Ten years ago I might have agreed with this point of view. But I’ve seen too much recent evidence that contradicts it. In the words of a renowned executive: “The job of management is to win in the short term while making sure you’re in an even stronger position to win in the future.” In the past decade, I’ve watched dozens of firms have it both ways. They transformed themselves into better organizations for the future and they produced good results quarter by quarter.
A third element that undermines the planning for necessary wins is lack of sufficient management, especially on the guiding coalition, or a lack of commitment by key managers to the change process. To a large degree, leadership deals with the long term and management with the immediate future. Without enough good management, the planning, organizing, and controlling for results will not be sufficient.

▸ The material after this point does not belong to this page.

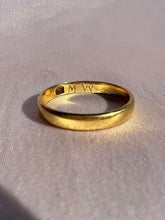 Load image into Gallery viewer, Antique 18k Love Ring 1724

Without competent management, inadequate thought is usually given to the whole question of measurement. So existing information systems either fail to record important performance improvements or underestimate their size. Without competent management, tactical choices are glossed over or implemented poorly. Acquisitions are made more on the basis of impulse instead of rational support of the vision. Sequencing of events—do we do the restructuring this year or after the quality effort is farther along—doesn’t get sufficient attention.
Because of all of the emphasis on management in the twentieth century, most organizations—with the exception of small, young firms—rarely lack this perspective. Up to a point, small firms can get away without much planning or control. If the company founder is a visionary who dislikes structure (not an unusual situation), he or she may resist the encroachment of managerial thinking, which can then prove to be a problem in this stage of a change effort.

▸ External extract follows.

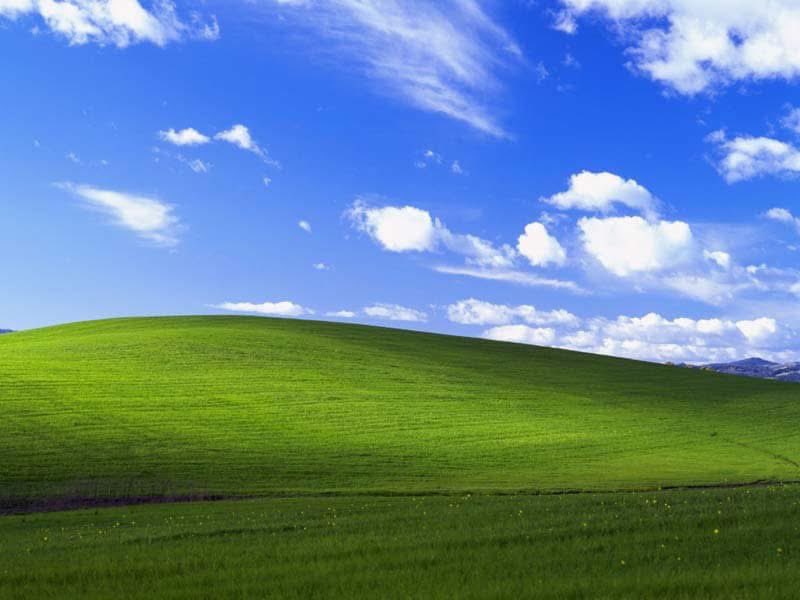 ComputerLove_'s tweet image. Windows XP wallpapers in 2001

In larger and older firms, the problem of insufficient management is typically associated with either a new strong leader who ignores his managers or a lack of commitment from those managers to the transformation. The former was true in the case of the charismatic division general manager who eventually lost his job. Deep in his heart, he thought people who kept the current system operating were of limited importance. He’d never actually say that, but you could read it between the lines. So when some of those people tried to advise him about short-term economic matters, he often ignored them.
A lack of commitment to change from managers in big, old organizations is often found when the early stages of a transformation are not handled well. With no sense of urgency, a lack of key managers on the guiding coalition, the failure to communicate an effective vision well, and little effort put into broad-based employee empowerment, people in overmanaged and underled organizations sit on the sidelines during change, especially managers who could be instrumental in producing needed short-term results.
More Pressure Isn’t All Bad
Targeting short-term wins during a transformation effort does increase the pressures on people. The argument is sometimes made that these extra demands are inappropriate. “We’ve got enough going on,” people say, “without more burdens. Give us a break.”
This way of thinking is not without merit. But more often than not, I’ve found that short-term pressure can be a useful way to keep up the urgency rate. A year or two into a major change program, with the end still not in sight, people naturally tend to let up. They begin to think: “If this is going to require four more years, a slide to four and a quarter won’t hurt.” But as soon as the urgency rate goes down, everything becomes much harder to accomplish. Minor tasks that were completed in a month suddenly take three times as long.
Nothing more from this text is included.